Most low-budget movies suffer from their financial constraints, but a few b-movies instead create something more special than what would have resulted had there been more funding. Arous is a good example of the latter.
First, there’s the floating alien brains (yes, plural). One brain is an evil escaped convict while the other is an intergalactic police officer, yet both are the same prop. The balloon used for the brain(s) has half-lidded eyes on the front of it. This sounds laughable (OK, it still is hard to not to laugh at it at times), but those static eyes manage to be mildly unnerving simply through their unchanging expression of…boredom? Smug superiority? What? It’s like talking to somebody and not being able to gauge their feelings through their expressions.
John Agar plays one of the two scientists who encounter the evil brain when they investigate a radiation pulse emanating from nearby Mystery Mountain. I love how the cave in which the brains were hiding is in a place called Mystery Mountain. It’s like if Texas Chain Saw Massacre took place in the town of Cannibal Redneckville.
The scientist who isn’t Agar (too lazy to look him up) is killed immediately, but our star is possessed by the evil brain. Per the era, and every aspect of this film, the evil brain wants to take over the Earth and uses Agar’s body to put a plan in motion. As a scientist, Agar has access to the facilities and government officials the brain needs.
I’m unsure as to why the brain needs access to government resources, because the possessed Agar is able to blow up planes flying overhead without any other means. We also see he doesn’t need anything like nuclear weapons, as he easily obliterates several structures set-up to be destroyed in an atomic test.

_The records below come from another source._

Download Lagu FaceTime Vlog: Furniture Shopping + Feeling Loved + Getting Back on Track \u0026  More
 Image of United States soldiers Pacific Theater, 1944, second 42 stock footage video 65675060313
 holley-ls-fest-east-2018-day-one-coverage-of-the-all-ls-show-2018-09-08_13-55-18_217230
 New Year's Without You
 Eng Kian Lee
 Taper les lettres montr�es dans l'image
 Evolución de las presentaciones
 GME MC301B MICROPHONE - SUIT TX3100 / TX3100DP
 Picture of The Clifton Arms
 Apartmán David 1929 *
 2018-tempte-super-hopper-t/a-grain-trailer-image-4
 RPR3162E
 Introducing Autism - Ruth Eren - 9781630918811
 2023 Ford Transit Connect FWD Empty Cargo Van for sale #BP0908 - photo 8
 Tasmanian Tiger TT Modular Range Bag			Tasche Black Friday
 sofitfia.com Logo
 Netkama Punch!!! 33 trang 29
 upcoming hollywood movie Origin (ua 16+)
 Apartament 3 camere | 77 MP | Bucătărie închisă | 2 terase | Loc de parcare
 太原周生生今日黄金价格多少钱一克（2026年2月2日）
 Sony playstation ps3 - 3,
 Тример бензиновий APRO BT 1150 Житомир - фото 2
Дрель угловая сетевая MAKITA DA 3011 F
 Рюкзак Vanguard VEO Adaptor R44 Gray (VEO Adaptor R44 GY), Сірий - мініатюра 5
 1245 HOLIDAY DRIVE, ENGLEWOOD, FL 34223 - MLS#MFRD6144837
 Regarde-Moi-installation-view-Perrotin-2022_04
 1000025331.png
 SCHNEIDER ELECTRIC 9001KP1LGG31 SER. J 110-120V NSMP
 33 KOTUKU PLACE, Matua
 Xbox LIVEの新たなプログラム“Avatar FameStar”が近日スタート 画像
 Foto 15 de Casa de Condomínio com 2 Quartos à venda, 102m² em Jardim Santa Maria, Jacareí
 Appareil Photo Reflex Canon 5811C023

When Agar is performing such tricks, the actor was outfitted with contacts that turn the entirety of his visible eyeballs silver. It is a surprisingly effective technique.
The chief effect employed throughout Arous is simple double-exposure. When Agar is talking to his possessor, the brain will sometimes appear in overlay. It starts small before enlarging (heyyy, I know what you’re thinking) and floating to the other side of the room, so a man and his brain overlord can have a more civil discourse.
I need to compliment Agar on his performance. In most of the other pictures I have seen him in, he has delivered serviceable performances but…not much more than that. Here, he gets an opportunity to expand his range and is gleefully sinister when channeling the evil alien.
The creepiest moments in the film have the evil alien brain lusting after Agar’s girl, as played by Joyce Meadows. I guess a life of the mind gives a giant floating brain the hots for the first available female. It’s a gross idea, and Agar maximizes the skeezy potential from it.
The Brain From Planet Arous is a hoot. It is something I simultaneously enjoyed on its own terms and as a thick slice of cheese. I wasn’t bored for a minute; albeit, the movie only takes 71 of them. Recommended for everybody.